Bahkan, MKD tidak terpengaruh kendati nantinya Setya Novanto ditetapkan sebagai tersangka oleh Kejagung.
"Nggak, nggak masalah Kejagung lebih dulu. Tersangka kan belum tentu bersalah. Banyak juga tersangka juga yang diputus bebas tidak bersalah," kata Dasco, Kamis (10/2015).
Kejaksaan Agung selangkah lebih maju dibandingkan MKD DPR dalam memproses kasus pertemuan Ketua DPR Setya Novanto, pengusaha minyak M Riza Chalid dan Presdir PT Freeport Indonesia (PT FI), Maroef Sjamsoeddin, yang diduga bahas perpanjangan kontrak dan permintaan saham PT FI.
Kejagung telah meningkatkan laporan kasus dari Maroef itu ke tingkat penyelidikan, dengan dugaan adanya permufakatan jahat untuk melakukan tindak pidana korupsi.
Sementara, MKD yang memproses laporan Menteri ESDM Sudirman Said tentang dugaan pelanggaran etik Novanto terkait kasus yang sama sejak sebulan lalu hingga kini belum jelas ujungnya.
Dasco mengatakan, jika ada pelanggaran hukum terkait pertemuan Novanto, M Riza Chalid dan Maoref Sjamsoeddin itu, maka pada saat bersamaan telah terjadi pelanggaran etika yang dilakukan oleh Novanto selaku anggota Dewan.
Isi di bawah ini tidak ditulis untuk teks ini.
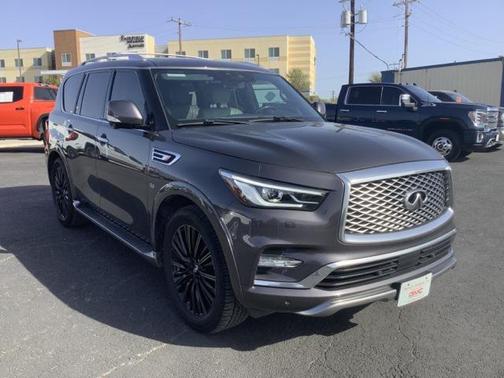 2019 INFINITI QX80 Limited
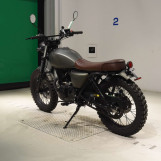 Мотоцикл Suzuki MATTE MOTORCYCLE 250 с пробегом 4577 km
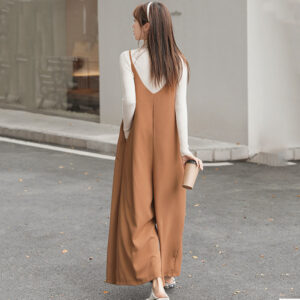 40代 でも いける サロペット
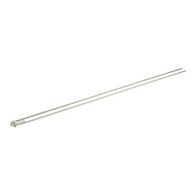 Rods for CL001TLOCK | Metal Construction | Corrosion-Resistant | Easy Installation | @Pack of 1 | by Clipsal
Dengan begitu, MKD tinggal membuat keputusan.
"Tapi, kalau ada pelanggara etika, itu belum tentu pelanggaran hukum," jelasnya.
Sejak Menteri ESDM Sudirman Said melapor pada 16 November 2015, hingga kini MKD belum bisa memutus pelanggaran etik yang dilakukan Setya Novanto terkait pertemuannya bersama pengusaha M Riza Chalid dan Presdir PT FI, Maroef Sjamsoeddin, di Hotel Ritz Carlton Jakarta pada 8 Juni 2015. Sebab, sejauh ini baru ada alat bukti berupa keterangan kesaksian Maroef dan salinan rekaman percakapan pembahasan perpanjangan kontrak karya dan saham PT FI tersebut.
Hingga kini, sebagian besar dari anggota MKD masih mempermasalahkan keabsahan rekaman dan menginginkan rekaman yang asli untuk diperiksa di forensik Polri.